Overseas shipments jumped 35.8 percent and imports climbed 27.3 percent year-on-year, unexpectedly pulling the trade balance into surplus after a $7.3 billion shortfall in February, the customs bureau said on Sunday.
"March export figures came in stronger than expected, shrugging off the impact of Japan's disaster and the surge in oil prices," said Qu Hongbin, chief China economist at HSBC Holdings Plc in Hong Kong. "This reconfirms that inflation rather than growth remains the key risk for China. Get ready for more reserve ratio and rate hikes in the coming months."
The government will use reserve requirement ratios, interest rates and foreign-exchange rates to "eliminate the monetary basis for inflation", Premier Wen Jiabao said during a visit to Zhejiang province on April 9, according to a report by the Xinhua News Agency. Wen reiterated that controlling prices is his top economic priority after food and housing costs surged, threatening social stability.
Investors are growing confident that the economy can tolerate monetary tightening, with China's benchmark stock index climbing about 9 percent since the first of two interest-rate increases this year.
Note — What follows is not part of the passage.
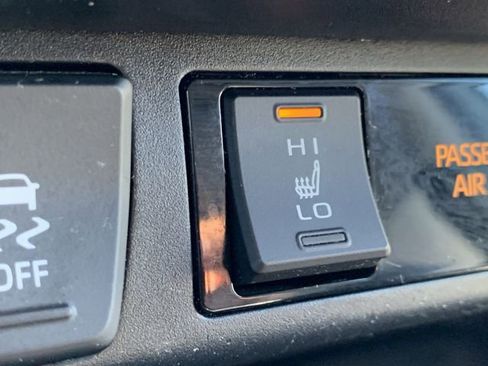 Used 2021 Toyota RAV4 XLE w/ Convenience Package image 28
The index's advance has beaten the 0.6 percent gain in the Standard & Poor's 500 Index and a 1.4 percent drop in the MSCI Asia Pacific Index.
Consumer prices climbed 5.2 percent in March, according to the median estimate in a Bloomberg News survey, and if that is the case, CPI would exceed the government's 2011 target of 4 percent for the third month. The statistics bureau is due to release the data on April 15.
Inflation in China is "causing some serious danger of wage-price inflation", billionaire investor George Soros said on Sunday at a conference in New Hampshire. "It would be very advantageous to allow the currency to appreciate as a way of controlling inflation," said Soros, chairman of Soros Fund Management LLC.
Higher commodity prices contributed to the nation recording its first quarterly trade deficit since 2004, underscoring the case for yuan gains to help contain prices, analysts said. Inbound crude oil shipments in the first quarter rose 12 percent by volume and 39 percent by value to $43.7 billion year-on-year. The cost of iron ore imports jumped 82.5 percent to $27.7 billion while the amount of metal climbed 14.4 percent year-on-year, customs data showed.
The People's Bank of China (PBOC) has raised interest rates four times and boosted banks' reserve requirement ratios six times since early October. Credit Suisse Group AG forecasts the benchmark one-year deposit rate, which has risen 1 percentage point to 3.25 percent, will climb another 1.5 percentage points by the end of the year.
A report this week may show China's gross domestic product expanded 9.4 percent in the first quarter from a year earlier, according to the median estimate in a Bloomberg News survey. The economy grew 9.8 percent in the fourth quarter.
There's "little risk of a hard landing", Paul J. Heytens, China country director of the Asian Development Bank, said last week, citing "robust" growth in industrial production, retail sales and real-estate investment.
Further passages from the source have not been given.